TAM KADRO SİSTEMİNİ SAVUNUYORUZ
Doğan Direk (Park Bahçeler İşyeri Temsilcisi): Sendikalaşma sürecinde çok ciddi sıkıntılar çekmemize rağmen DİSK/Genel-İş Sendikası olarak çok ciddi yol katettik. Toplusözleşme hakkını kazanan nadir belediye ve birimlerden biriyiz. Ancak taşeron sisteminin kanayan yarası halen kanamaktadır. Torba yasayla beraber getirilmek istenen ‘Taşerona Kadro’ açıklamalarını doğal haliyle yakından takip etmekteyiz. Çekingen olduğumuz noktalar bulunmakta tabii olarak. Birincisi ister yardımcı iş olsun, ister asıl iş olsun kamuda çalışan taşeronların devlet çatısı altında kadroya alınmalarını istemekteyiz. Özel sözleşmeli personel adı altında hukuksal haklarımızın elimizden alındığı ilerde de çeşitli problemlere neden olacak sistemin gelmesini tasvip etmiyoruz. Kıdem tazminatları, fazla çalıştırılma, ücret durumları gibi mali ve sosyal haklarımızın iyileştirilebileceği, kesin çözüm getiren kökten çözüm olacak ‘tam kadro sistemini’ şiddetle savunmaktayız. Biz Maltepe Belediyesi park ve bahçeler birimi sendika temsilci ve işçi arkadaşlar olarak şuna inanmaktayız; İşçiler Örgütlenin, birleşin, unutmayın birlikten güç doğar!

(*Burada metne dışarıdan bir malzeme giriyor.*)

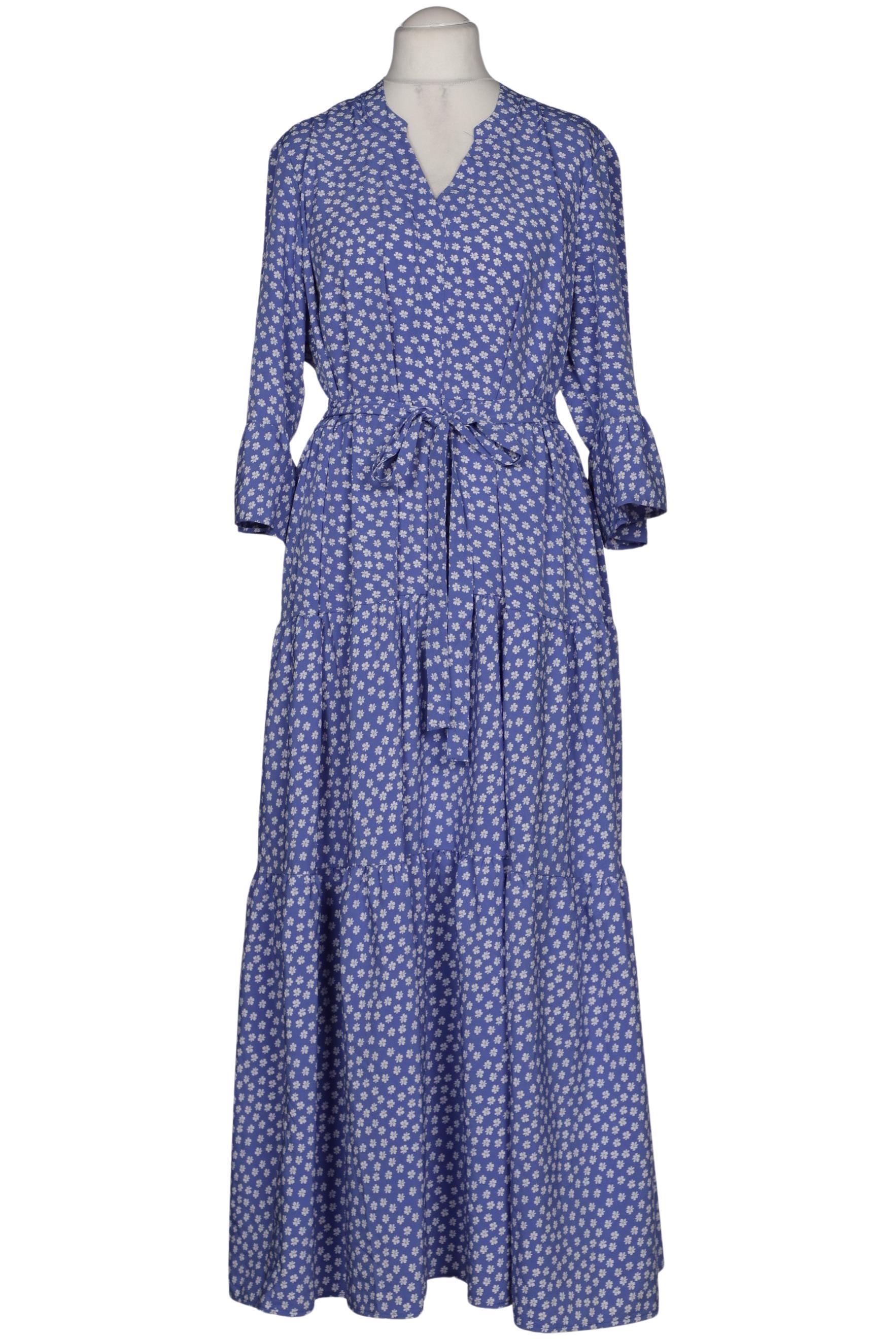 

Vero Moda Curve Damen Kleid, blau, Gr. 50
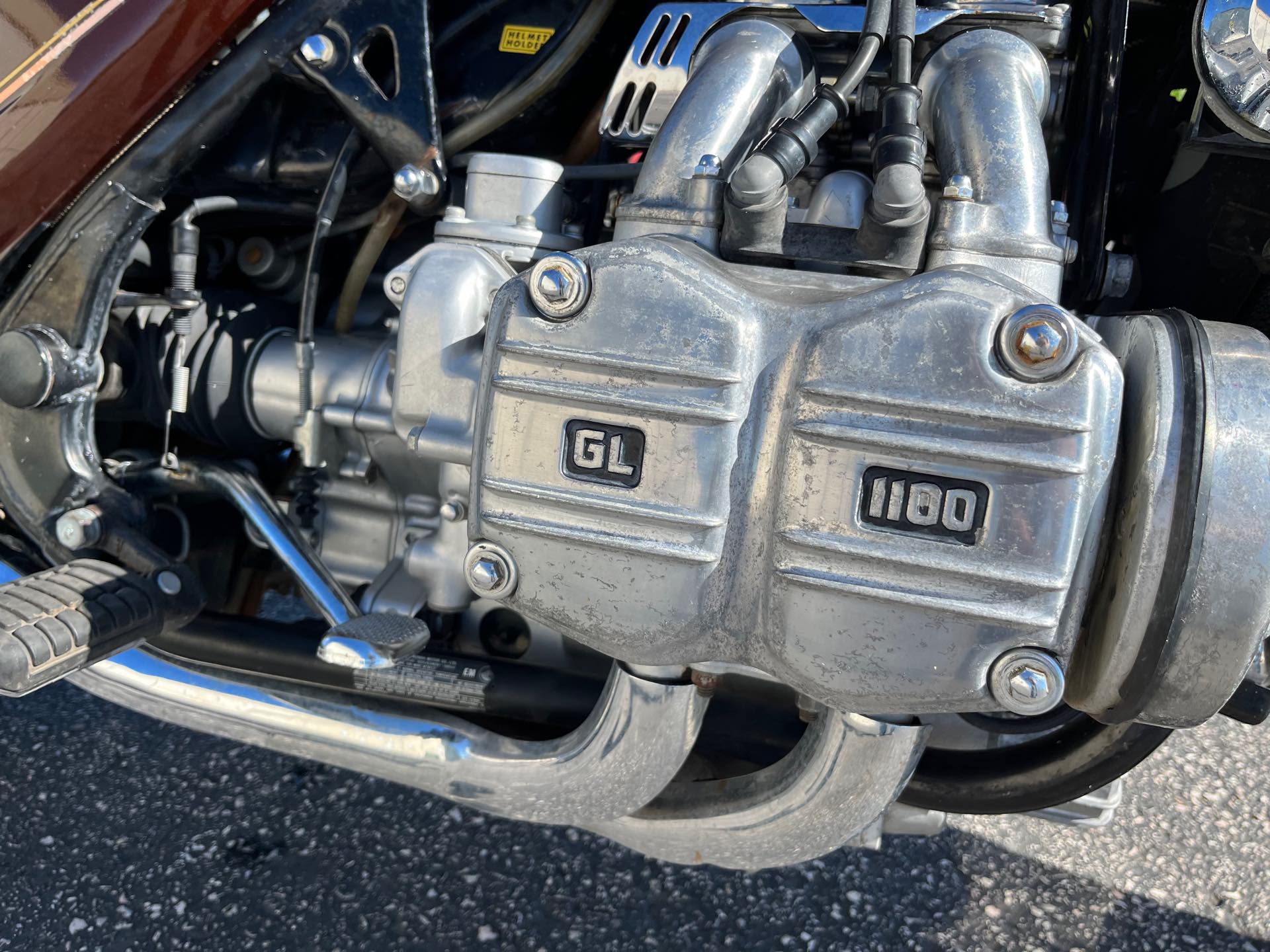 1983 Honda Goldwing Standard at Mount Rushmore Motorsports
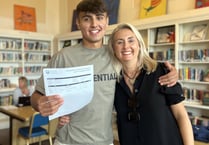 Stover School bucks national trend with ‘fantastic’ A-Level results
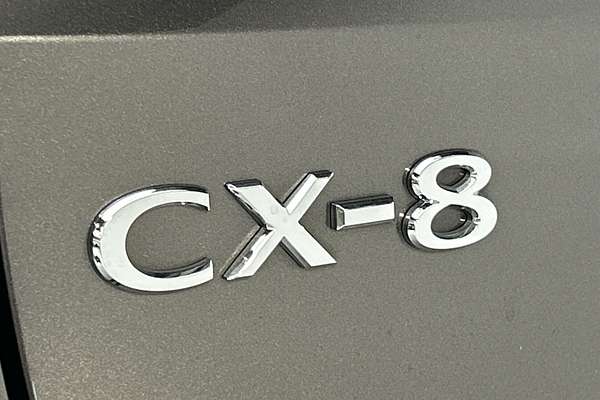 2021 Mazda CX-8 Sport KG Series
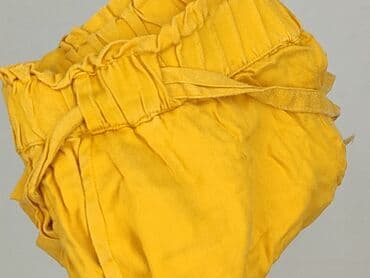 żółte spodenki damskie: Diverse, Szorty damskie, rozmiar L — 6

‘DEVLET TAŞERONU DERİNLEŞTİRMEK İSTİYOR’
Umut Karslı (Destek Hizmetleri İşyeri Temsilcisi): Bu ülkede siyasi partiler kan kaybı yaşadığında emekçileri oy deposu olarak görüyor. 8-10 senedir bunları duyuyoruz. Seçimden sonra yerine getirmediler. Bu vaatler yine boşa çıkacaktır. Biz herkese kadro istiyoruz. Ama görüyoruz ki devlet taşeronu derinleştirmek istiyor. Belediyeler sadece belirlediğimiz firmalardan eleman alacaklar, en büyük taşeron ben olacağım diyor. İstihdam bürolarını da hayata geçiriyorlar. Bu da onun için imkan. İşçinin güvencesi olduğunda, sendikalı olduğunda daha ‘kötü’ yerlere varacağını biliyor.
Taşeron deyince temizlik işçilerini görüyor. Türkiye’de milyonlarca taşeron işçi var. İnşaatta, tersanede, madende ölümle çalışan işçiler. İş cinayetlerini görüyorsunuz. Bunların hepsi taşerona bakış açısını ortaya koyuyor. Özel sözleşmeli istemiyoruz. Ayrımsız kadro istiyoruz.
Hükümete destek veren işçilerin bir kısmı “Ak Parti verdiyse yapar” diyor ama kafaları karışık. Bir kısmı vermez diyor. Çıkış göremediği için olacak gözüyle bakıyor. Kadronun sadece örgütlenerek sendikal mücadeleyle kazanılacağını, bunun hak olduğunu bizlerin alacağını söylüyoruz. Bunun çalışmasını yapıyoruz, mücadelesini yürütüyoruz.